Home HIV test advances
A federal advisory committee on Tuesday unanimously approved over-the-counter sale of a rapid HIV test, acknowledging the need for new tools against an epidemic that is driven largely by people who don’t know their status and infect others.
If the Food and Drug Administration agrees with its advisers, the oral swab screening device made by OraSure Technologies Inc. of Bethlehem, Pa., would become the first infectious disease test approved for home use.
The panel overcame considerable unknowns and concerns that the test cannot pick up newly acquired infections.
“I still can’t get past the quarter-million people who don’t get tested,” said member Steven W. Pipe, a pediatrics and communicable diseases specialist at the University of Michigan.
An estimated 240,000 Americans are unaware that they are HIV positive, and are responsible for 50 percent to 70 percent of the 50,000 new infections each year.
The test uses fluid from a swab of the gums. If a single horizontal line appears after 20 minutes, it has not detected antibodies to HIV. Two lines mean it is HIV positive, a preliminary finding that must be confirmed by a laboratory blood test.
“We believe we are at a deciding moment in the trajectory of the AIDS epidemic,” Phill Wilson, executive director of the Black AIDS Institute, told the panel, referring to treatments that dramatically reduce transmission of HIV, the virus that causes AIDS. “The key to that begins with getting them tested.”
The company has not disclosed a retail price or projected sales, although it estimated the entire market for rapid home HIV tests at $500 million retail. FDA staff projected that the test would be used by 2.8 million people in the first year. It would discover about 45,000 infections that otherwise would have remained unknown, and in turn, prevent HIV from spreading to 4,000 more people, the agency said.
But it also would result in several thousand false negatives, either because consumers didn’t use it properly or their infections were too new to trigger the immune system response that produces antibodies picked up by the test.

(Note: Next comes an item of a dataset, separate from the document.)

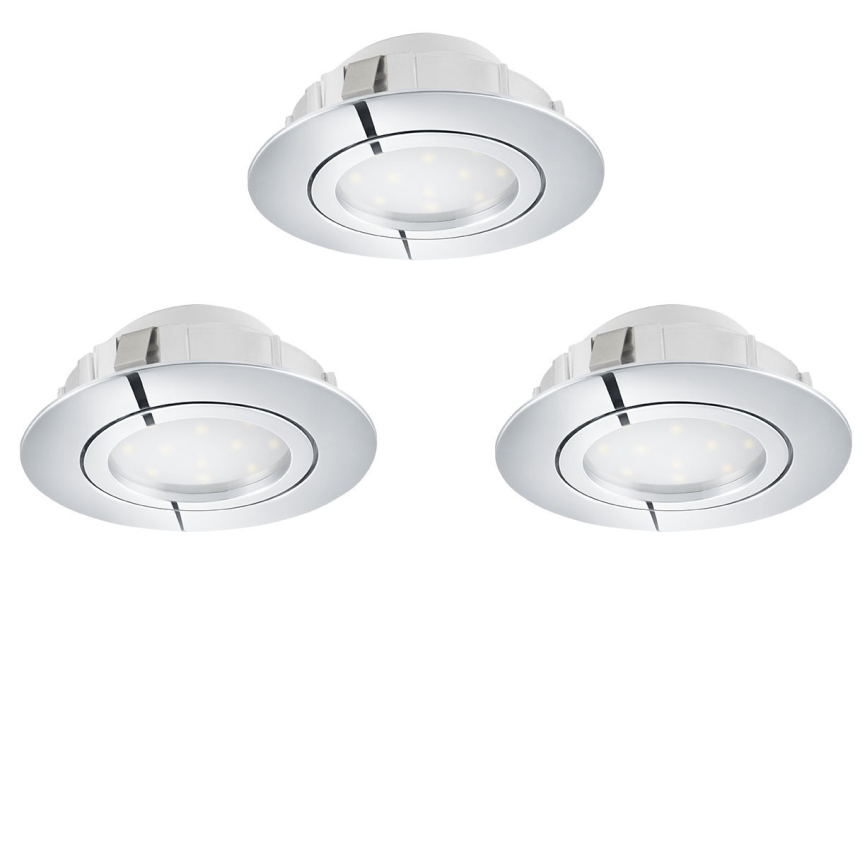 Eglo 78761 - KÉSZLET 3x LED Dimmelhető beépíthető lámpa PINEDA 1xLED/6W/230V 3000K fényezett króm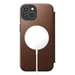 Nomad Funda con cierre para iPhone 15 Plus Magsafe con moderno tarjetero de piel Marrón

Much of Tuesday’s discussion among the advisory committee was about labeling and other ways to make clear to people at high risk of HIV that a negative test should be repeated three months later or confirmed with a laboratory blood test. Of particular concern was that people not use a negative result as a free pass to engage in risky sex.
The company has said that each test kit would include two booklets - one with detailed information about HIV and the other on the meaning of test results - in English and Spanish. It also would refer people to a 24-hour call center. In addition to helping people understand their test results, the bilingual staff would be trained as crisis counselors and could link callers to local counseling and a medical treatment.
In a teleconference with reporters after the advisory panel’s 17-0 vote, OraSure officials said they would immediately begin working with the FDA to address labeling issues.
“We are extremely pleased with the outcome of today’s meeting,” said Douglas A. Michels, president and CEO of the company, which has 270 employees.